September 28, 2024Ravie Lakshmanan Cryptocurrency / Mobile Security
Cybersecurity researchers have discovered a malicious Android app on the Google Play Store. This allowed the attackers behind it to steal approximately $70,000 in cryptocurrency from victims over nearly five months.
This dangerous app, identified by Check Point, masqueraded as the legitimate WalletConnect open-source protocol to trick unsuspecting users into downloading it.
“Fake reviews and consistent branding allowed the app to rank high in search results and achieve over 10,000 downloads,” the cybersecurity firm said in an analysis, adding that cryptocurrency leakers were able to He added that this is the first time that he has targeted only
It is estimated that over 150 users were affected by this scam, but it is believed that not all users who downloaded the app were affected by the cryptocurrency leak.
The campaign included the distribution of fraudulent apps with names such as “Mestox Calculator,” “WalletConnect – DeFi & NFT,” and “WalletConnect – Airdrop Wallet” (co.median.android.rxqnqb) .
The app is no longer available for download from the official app marketplace, but according to SensorTower data, it was popular in Nigeria, Portugal, and Ukraine, and was linked to a developer named UNS LIS.
The developer is also behind another Android app called “Uniswap DeFI” (com.lis.uniswapconverter), which was active on the Play Store for about a month from May to June 2023. It remained untouched. It is currently unknown whether the app had any malicious functionality. .
However, both apps can be downloaded from third-party app store sources, again highlighting the risks posed by downloading APK files from other marketplaces.

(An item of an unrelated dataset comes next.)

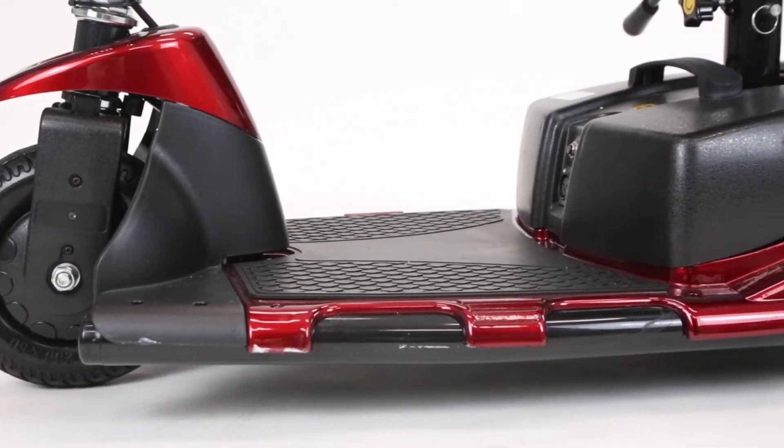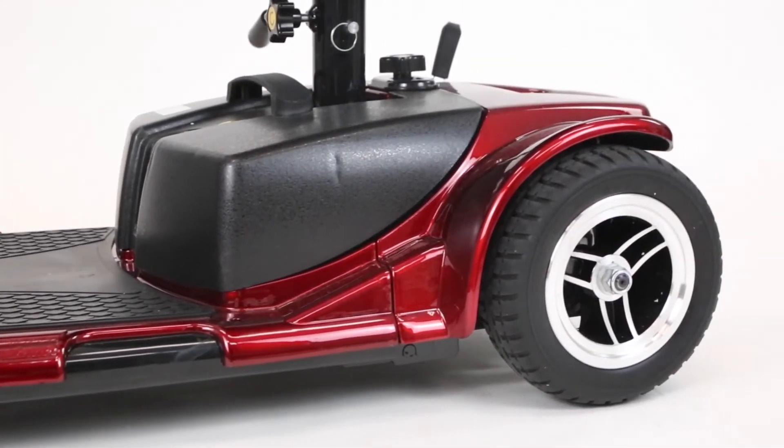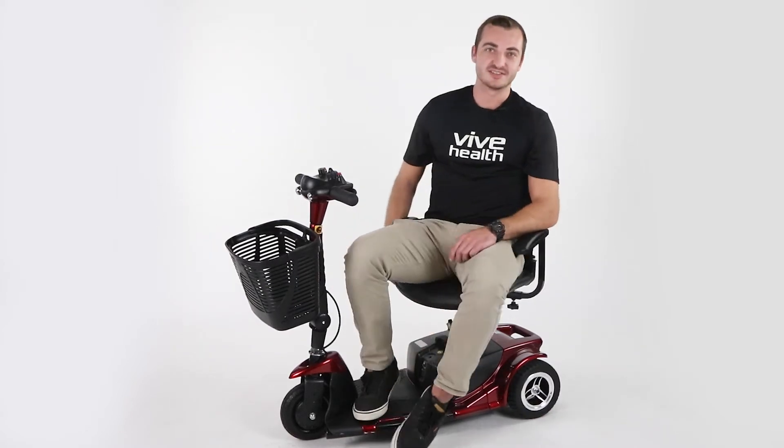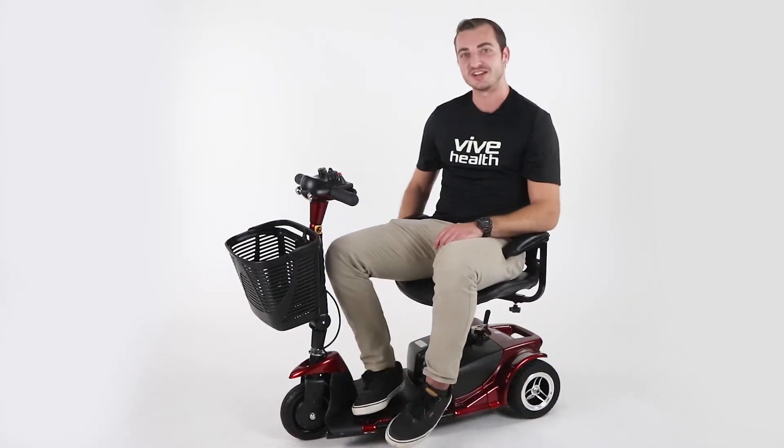The flat-free, non-marking tires make this scooter ideal for indoor or outdoor navigation. Another cool feature is the detachable swivel seat, which provides you with versatile seating options on the go.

Once installed, the fake WallConnect app is designed to redirect users to a fake website based on their IP address and user agent string, then redirect them back to another site imitating Web3Inbox. Masu.
Users who do not meet the required criteria, such as those accessing the URL from a desktop web browser, are directed to legitimate websites to avoid detection, effectively allowing threat actors to bypass the Play Store’s app review process. It will be.
In addition to taking steps to prevent analysis and debugging, a central component of the malware is a cryptocurrency draining tool known as MS Drainer, which allows users to connect to their wallets and verify them. prompt you to sign some transactions.
At each step, the information entered by the victim is sent to a command and control server (cakeserver(.)online) that triggers malicious transactions on the device and responds with instructions to transfer funds. I’ll send it back. Attacker’s wallet address.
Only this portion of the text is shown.